I dismembered a lamp today, and Ill admit that I had more fun doing it than any adult ought to.

yellow lamps

I bought these lamps awhile ago if two years can be considered awhile. I saw them at St. Vinnies, and I fell in love. That love only deepend when I was informed that it would only cost me $15 for the pair. The bases were ugly and the old yellowed wiring looked easily combustible, but I still needed them in my life. So I bought them, and then they sat in our junk room until we moved. When all of our stuff arrived at our new house, and I opened the box containing these lamps, I found that one had broken off its base. I would usually be pretty miffed by movers breaking my stuff, but I had always wanted to find a way to get the lamp body off of that ugly brass base, so they kind of did me a favor. Now if I could only find a way to break my other lamp in the exact same way .

broken lamp

This is what the broken lamp looked like before I dissected it with the enthusiasm of an 8 year old hacking apart a broken clock radio.

cutting top cord

First I detached the light socket and neck* from the rest of the lamp. There was a brief second where I worried that an unplugged lamp could still electrocute me and then I just got embarrassed for myself. * yes, those are the technical names, and yes, I did have to look them up.

Once the socket was removed it was easy to slip the lamp body off of the base. This is what was revealed.

Speaking of removing the body, the only reason the body became detached from the base was because a few pieces at the very bottom had chipped off (I found them rattling around inside the lamp). Im trying to figure out how to replicate this effect with the second lamp without totally destroying it. Any ideas on how to accomplish that would be greatly appreciated.

I was having a hard time figuring out how to remove the pipe from the base, so I decided to rip the paper off the bottom and see what I could find in there. Once I did that, the rest of the disassembly was easy. I just pulled the wire out of the pipe, and then out of the base itself. The pipe came out of the bottom as well.

all lamp parts

These are all the parts laid out. The wire and old socket will absolutely be trashed. The pipe seems like a necessity, so it stays. I havent decided yet whether or not to keep the neck and base parts. If I do, theyll need a make over, because I dont like the brass.

This last picture is totally unnecessary, I just really like the way that the lamp body looks without all of those extra parts.

I want to pick up some lamp rewiring kits this weekend, but I still have a few things to figure out:

1. How the hell do I remove that second lamp from its base without causing serious damage?

2. Do I paint the lamps or leave them yellow? Im leaning towards the option that requires less effort plus, I kind of like the color.

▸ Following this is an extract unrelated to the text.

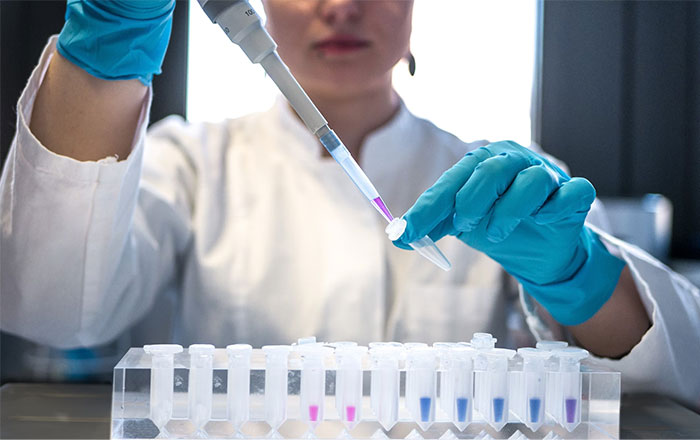 Scientist in lab using pipette for experiment, demonstrating life-saving tips with test tubes.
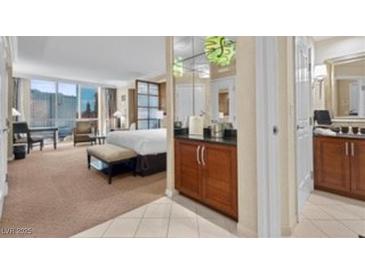 Bright bedroom featuring a luxurious bed, workspace and a convenient wet bar area at 135 E Harmon Ave # 407, Las Vegas, NV 89109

3. Should I try to work with the old bases, or find new ones? I would love to just go without a base, but I think the cord would keep the lamp from lying flat, and it would end up unstable and/or broken.

4. If I do stick with the old bases, what should I do with them? Obviously clean them and paint them, but do I try to make them look like another metal (silver, or maybe ORB) or do I go with a color?

Seriously, if you have answers to these questions, GIVE THEM TO ME! please and thank you.

And just a reminder: I switched over from wordpress.com to my own hosting, so please remember to subscribe to this blog, as I will be deleting the wordpress.com one in about a week. Also, thanks for caring enough about me and my house and my blog to actually read this stuff. It gives me warm mushy feelings.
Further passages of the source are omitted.